Data excerpts

┏━━

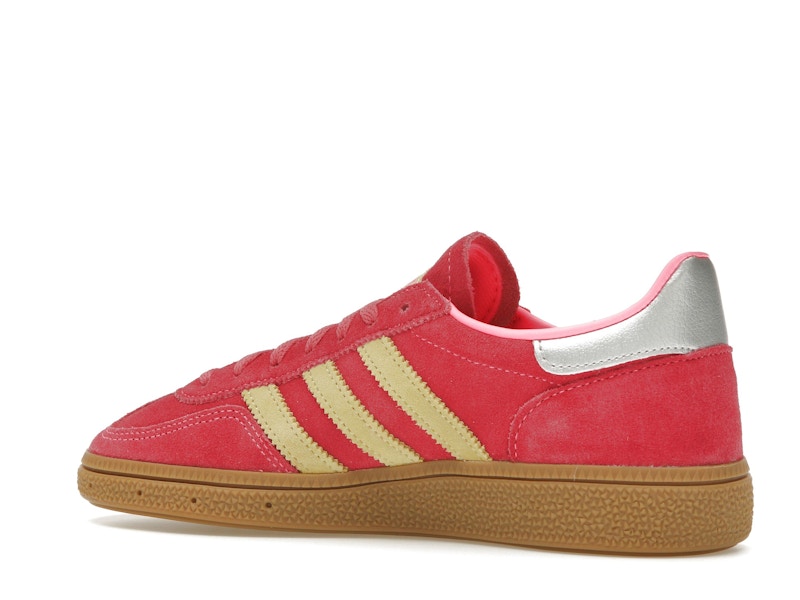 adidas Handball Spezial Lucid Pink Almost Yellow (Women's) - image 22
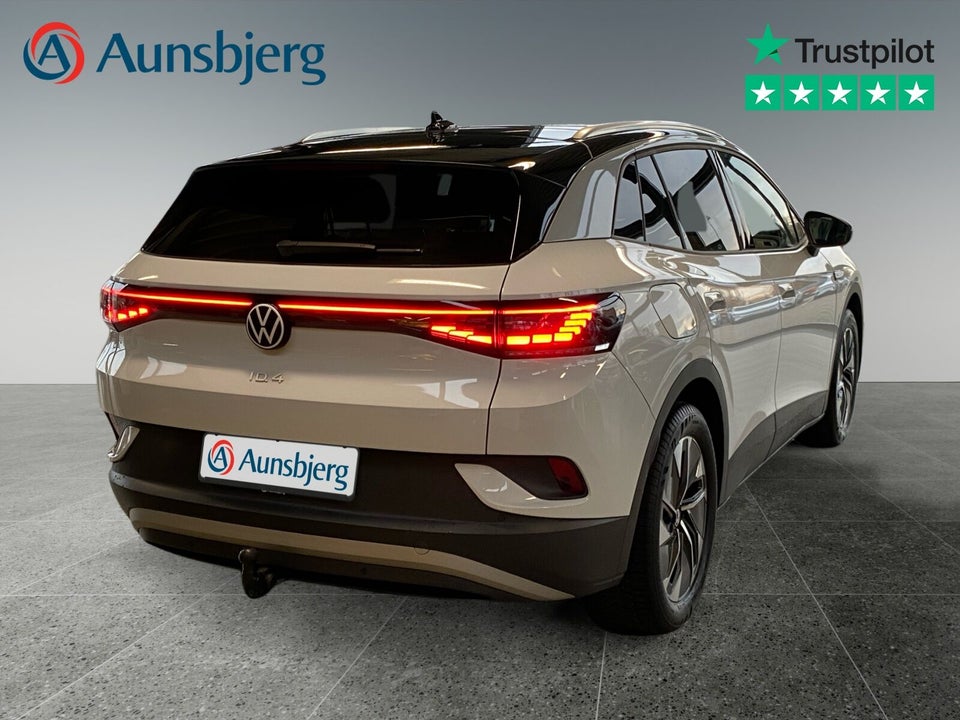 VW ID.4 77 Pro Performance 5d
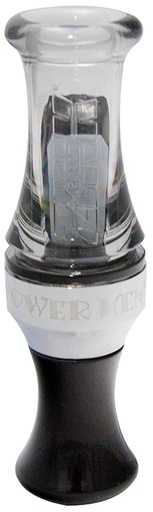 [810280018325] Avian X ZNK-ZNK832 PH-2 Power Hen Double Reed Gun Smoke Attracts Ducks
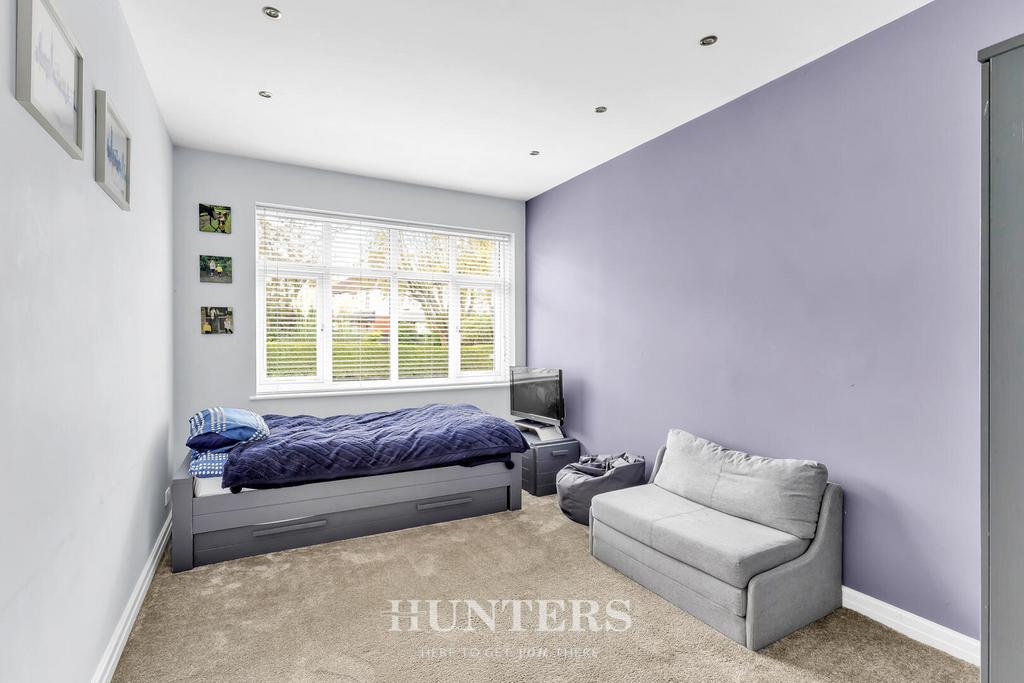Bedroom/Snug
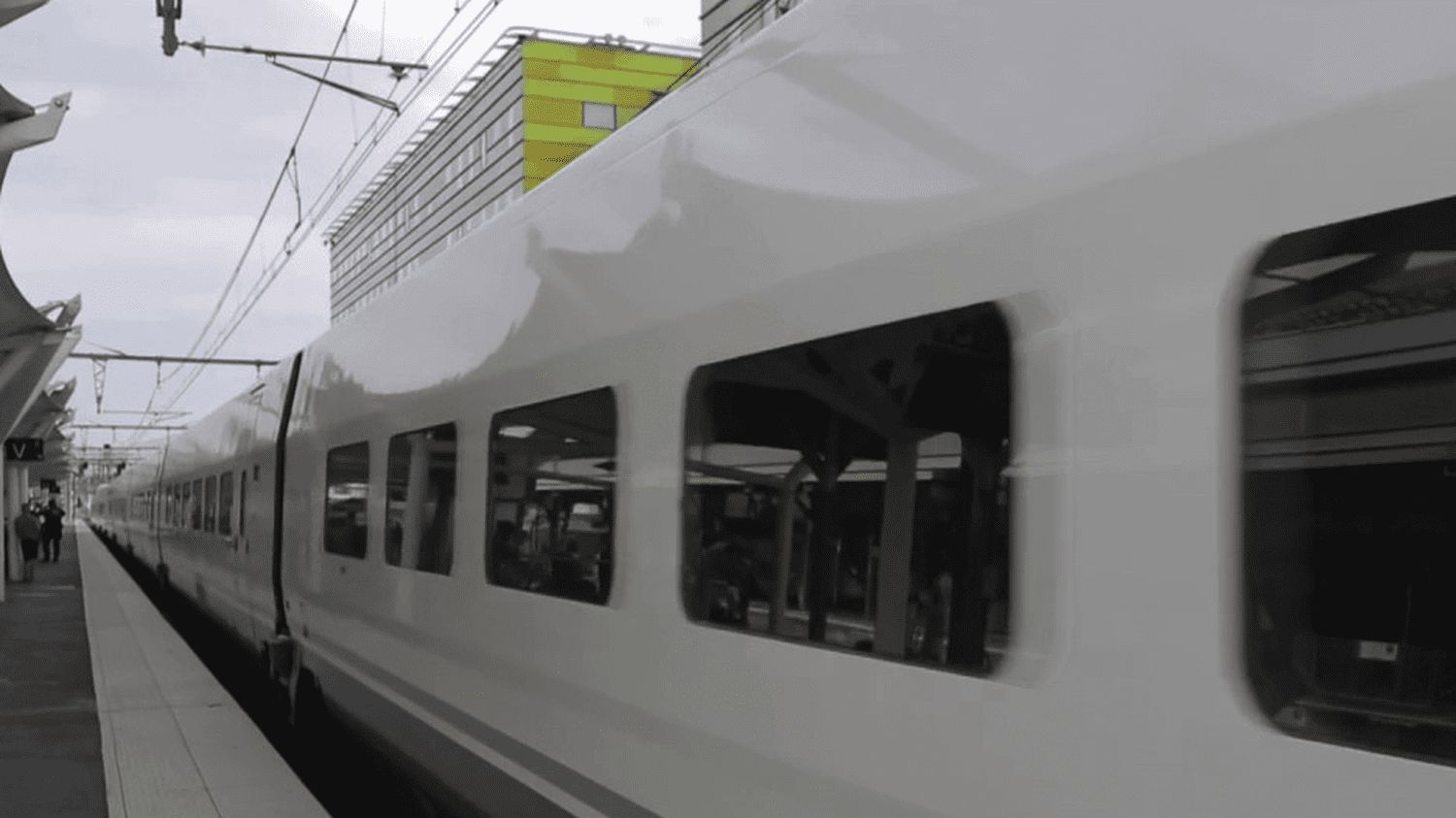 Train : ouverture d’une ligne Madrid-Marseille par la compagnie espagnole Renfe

┗━━

# WHAT IS NEEDED
Please set down exactly the lines from the one holding "VW ID.4 77 Pro Performance 5d" through the last line of the entries, both ends included, and skip pictures.

# THE ANSWER
 VW ID.4 77 Pro Performance 5d
 [810280018325] Avian X ZNK-ZNK832 PH-2 Power Hen Double Reed Gun Smoke Attracts Ducks
Bedroom/Snug
 Train : ouverture d’une ligne Madrid-Marseille par la compagnie espagnole Renfe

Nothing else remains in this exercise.